What is most shocking about the widespread corruption is how brutally the Iraqi government deals with reformers who are fighting fraud and graft—and how the Obama administration has ignored the overt retaliation. Last September, Nathim Naeem, an employee of Iraq’s trade ministry, was killed in a car bombing just as he was preparing to deliver documents to the Commission of Integrity exposing corruption at his agency. (Trade Minister Abdul Kareem was investigated in connection with the murder, but was soon cleared.) Indeed, the integrity commission itself has faced intimidation since its founding. Judge Radhi Hamza Al Radhi, the first head of the commission, received anonymous death threats after Maliki’s government pressured him to ease up on corrupt officials. Radhi resigned and fled to the United States, where he was granted asylum in 2008.

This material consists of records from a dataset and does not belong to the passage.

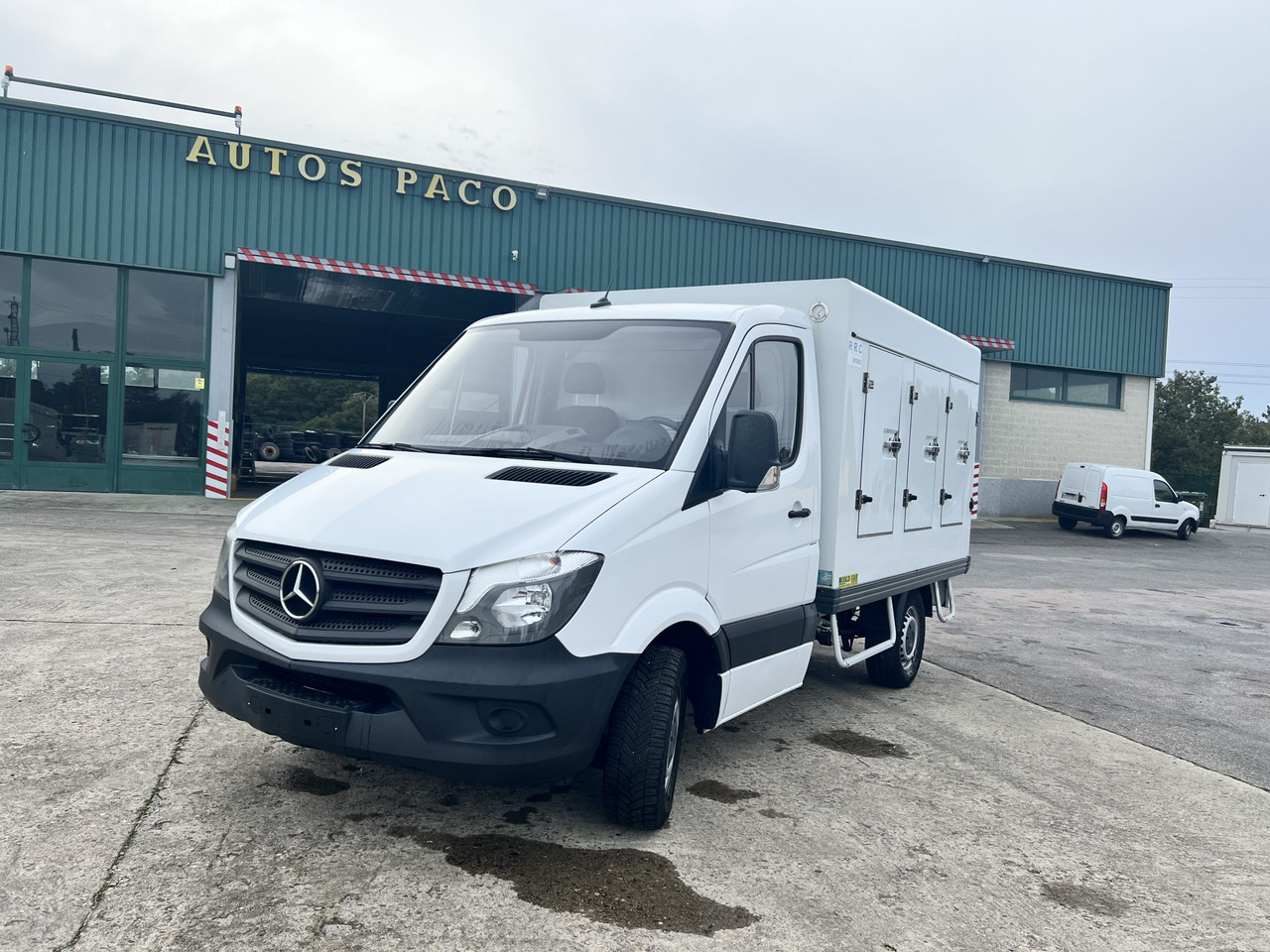 CAMION HELADERO 3.5T MERCEDES SPRINTER - 冷藏货车:图1 CAMION HELADERO 3.5T MERCEDES SPRINTER - 冷藏货车:图1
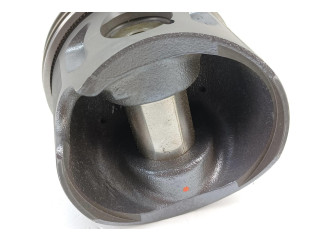  Поршень  028107065AM  Volkswagen PASSAT B4  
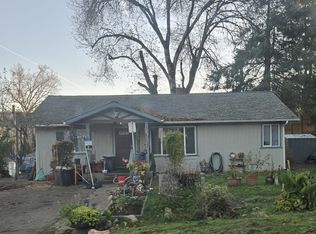 954 NE Madrona Dr, Myrtle Creek, OR 97457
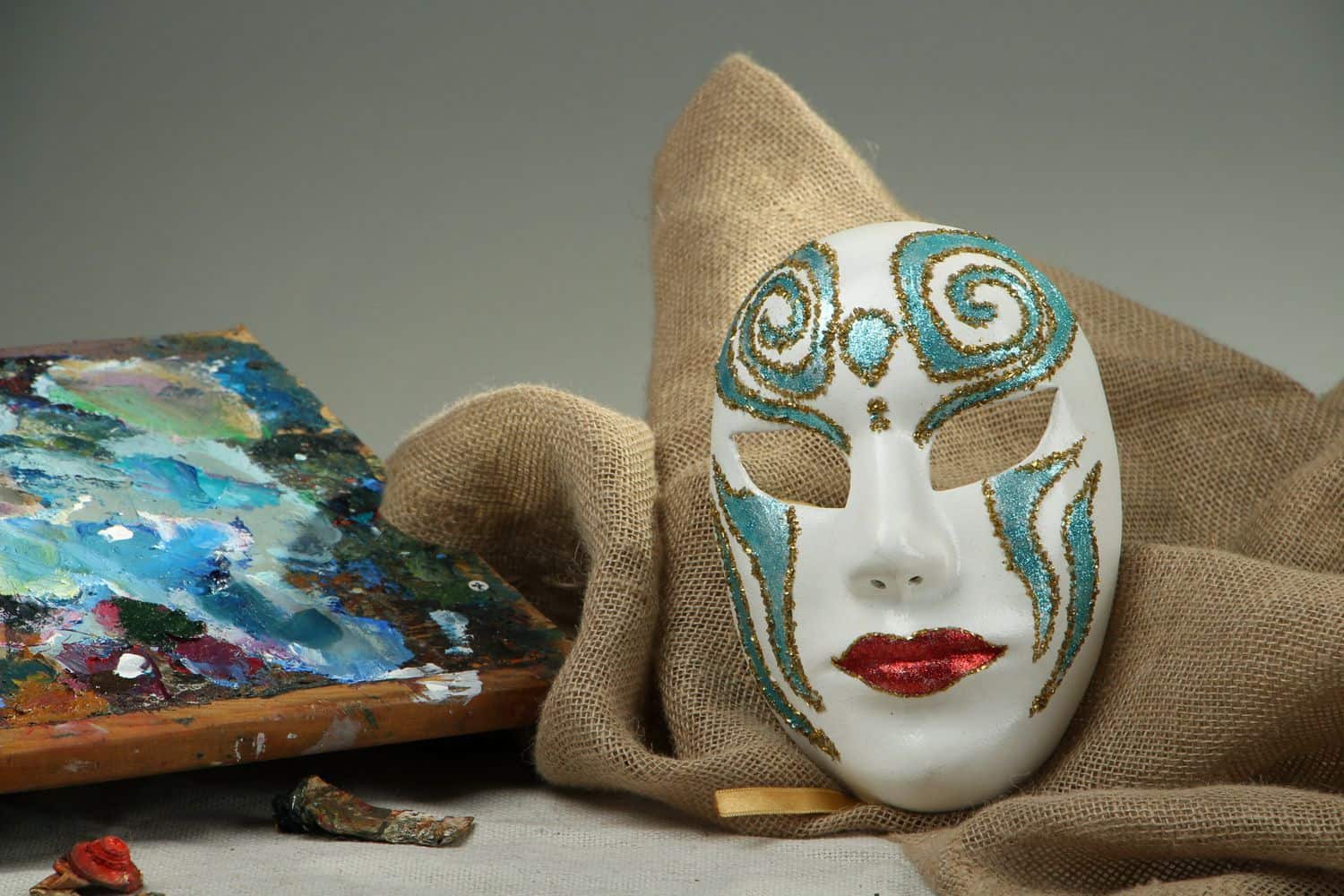 Unique Gifts for an Artist's Home: The most Memorable Ideas. Venetian mask for interior decoration
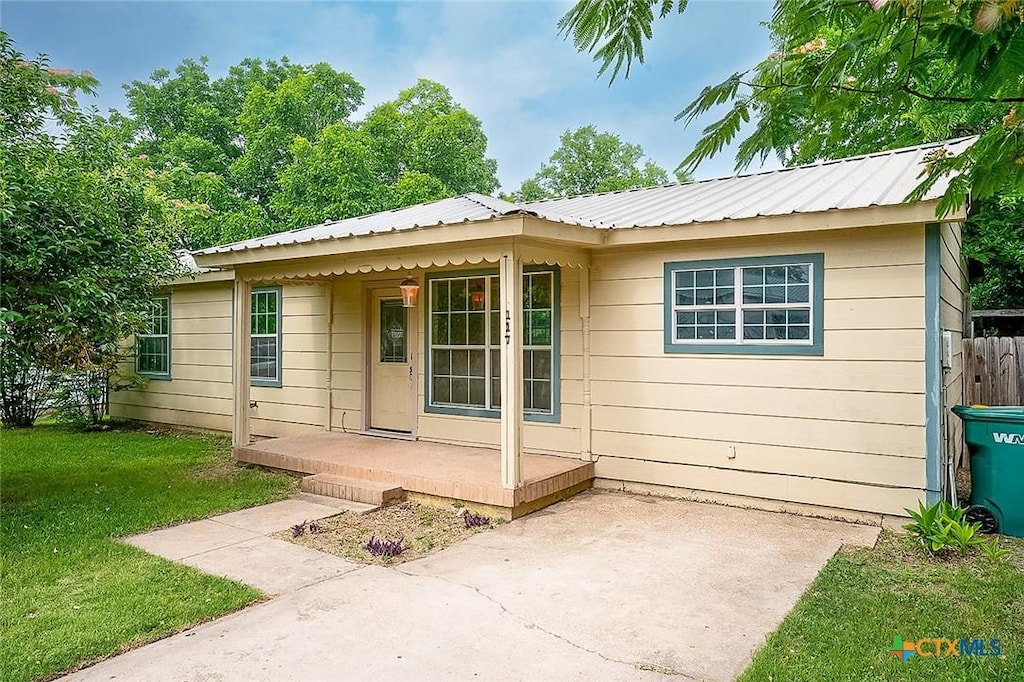 117 N 28th St, Gatesville, TX 76528 - photo 1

The conventional wisdom is that George W. Bush is to blame for the catastrophe in Iraq, and that Barack Obama has done the best he can to manage the disaster he inherited. But Bush’s tenure as commander-in-chief ended five years after the invasion; Obama has owned this debacle for the past eight. Maliki, the man most responsible for the corruption and sectarian violence that have shattered the country, served six of his eight years as prime minister under Obama. His successor, Prime Minister Haider Al Abadi, has recently made a few stabs at reform, though he has been unable to sweep aside the thousands of corrupt appointees to government ministries. The reality is that corruption is now so thoroughly entrenched in Iraq that it will be almost impossible to excise.
The year before Obama was elected, the chief investigator for the Commission of Integrity, Salam Adhoob, fled to the United States. Like Radhi before him, Adhoob had received death threats, and more than 30 of his co-workers had been murdered. Appearing before the U.S. Senate, he testified that “corruption and waste” were widespread throughout the Iraqi government, especially at the defense ministry, “where cronyism, party favoritism, nepotism, and the lack of even minimal financial controls resulted in the embezzlement, theft, and waste of billions of American taxpayer dollars.”
In one case of fraud among hundreds, Adhoob discovered a shell company called Al Aian Al Jareya that was controlled by Nair Mohammed Ahmed Jummaily, the brother-in-law of Iraq’s defense minister. Jummaily had gotten rich by taking kickbacks from American companies that received contracts from the Iraqi government. Among Jummaily’s clients, Adhoob testified, was AM General, a company based in South Bend, Indiana, which allegedly funneled millions of dollars to Jummaily’s front company as part of a contract to deliver Humvees to the Iraqi army. According to Adhoob, AM General submitted invoices totaling $18.4 million to the Iraqi government for work that was not performed, and delivered fewer than 170 of the 520 Humvees called for in its contract.